Multiple versions of .hef converted from my custom .onnx model but none compatible with Rpi5 +AI HAT+(hailo8l)

I have been working on deploying my custom trained .hef model onto my Rpi5+AI HAT+ (hailo8l) for the last couple of days. I had a few .hef files generated but seems none can be recognized by hailo8l.

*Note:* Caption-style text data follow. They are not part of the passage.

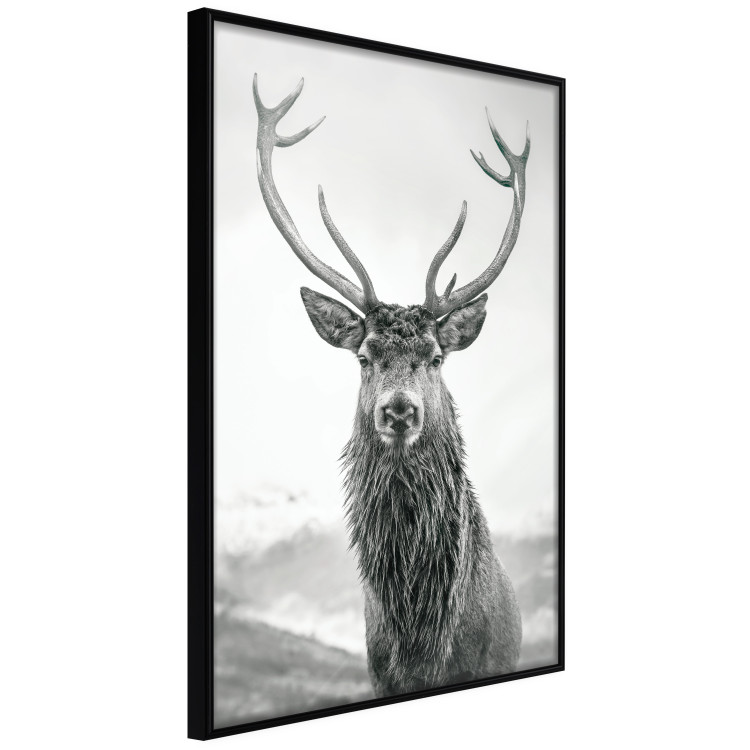 Wall Poster Lord of Autumn - black and white portrait of a deer against a background of sky and nature 130734 additionalImage 11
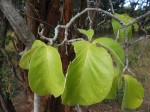 Strophanthus eminii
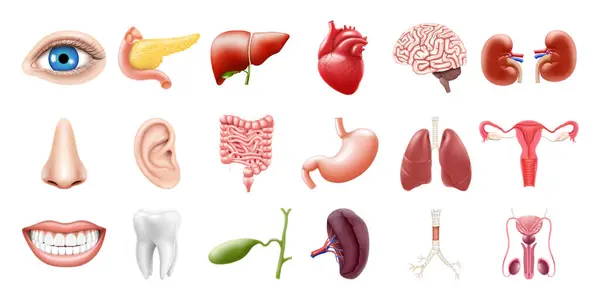 Human Internal Organs Isolated White Background Lungs Kidneys Stomach Intestines — Vector de stock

while the default hailo models yolov8s_h8.hef has the structure below:

alice@charpie:~ $ hailortcli parse-hef /usr/share/hailo-models/yolov8s_h8.hef
Architecture HEF was compiled for: HAILO8
Network group name: yolov8s, Single Context
    Network name: yolov8s/yolov8s
        VStream infos:
            Input  yolov8s/input_layer1 UINT8, NHWC(640x640x3)
            Output yolov8s/yolov8_nms_postprocess FLOAT32, HAILO NMS BY CLASS(number of classes: 80, maximum bounding boxes per class: 100, maximum frame size: 160320)
            Operation:
                Op YOLOV8
                Name: YOLOV8-Post-Process
                Score threshold: 0.200
                IoU threshold: 0.70
                Classes: 80
                Cross classes: false
                NMS results order: BY_CLASS
                Max bboxes per class: 100
                Image height: 640
                Image width: 640

Mine looks like this:
alice@charpie:~ $ hailortcli parse-hef /home/alice/yolov8n_uw_0601.hef
Architecture HEF was compiled for: HAILO8L
Network group name: model, Multi Context - Number of contexts: 3
Network name: model/model
VStream infos:
Input model/input_layer1 UINT8, NHWC(640x640x3)
Output model/conv41 UINT8, FCR(80x80x64)
Output model/conv42 UINT8, NHWC(80x80x4)
Output model/conv52 UINT8, FCR(40x40x64)
Output model/conv53 UINT8, NHWC(40x40x4)
Output model/conv62 UINT8, FCR(20x20x64)
Output model/conv63 UINT8, FCR(20x20x4)

OR this:

alice@charpie:~/charpie $ hailortcli parse-hef /home/alice/charpie/yolov8n_uw.hef
Architecture HEF was compiled for: HAILO8L
Network group name: model, Multi Context - Number of contexts: 3
    Network name: model/model
        VStream infos:
            Input  model/input_layer1 UINT8, NHWC(640x640x3)
            Output model/conv41 UINT8, FCR(80x80x64)
            Output model/conv42 UINT8, NHWC(80x80x4)
            Output model/conv52 UINT8, FCR(40x40x64)
            Output model/conv53 UINT8, NHWC(40x40x4)
            Output model/conv62 UINT8, FCR(20x20x64)
            Output model/conv63 UINT8, FCR(20x20x4)

OR THIS:

alice@charpie:~ $ hailortcli parse-hef /home/alice/best.hef
Architecture HEF was compiled for: HAILO8L
Network group name: best, Multi Context - Number of contexts: 6
    Network name: best/best
        VStream infos:
            Input  best/input_layer1 UINT8, NHWC(640x640x3)
            Output best/format_conversion13 UINT8, FCR(1x8x8400)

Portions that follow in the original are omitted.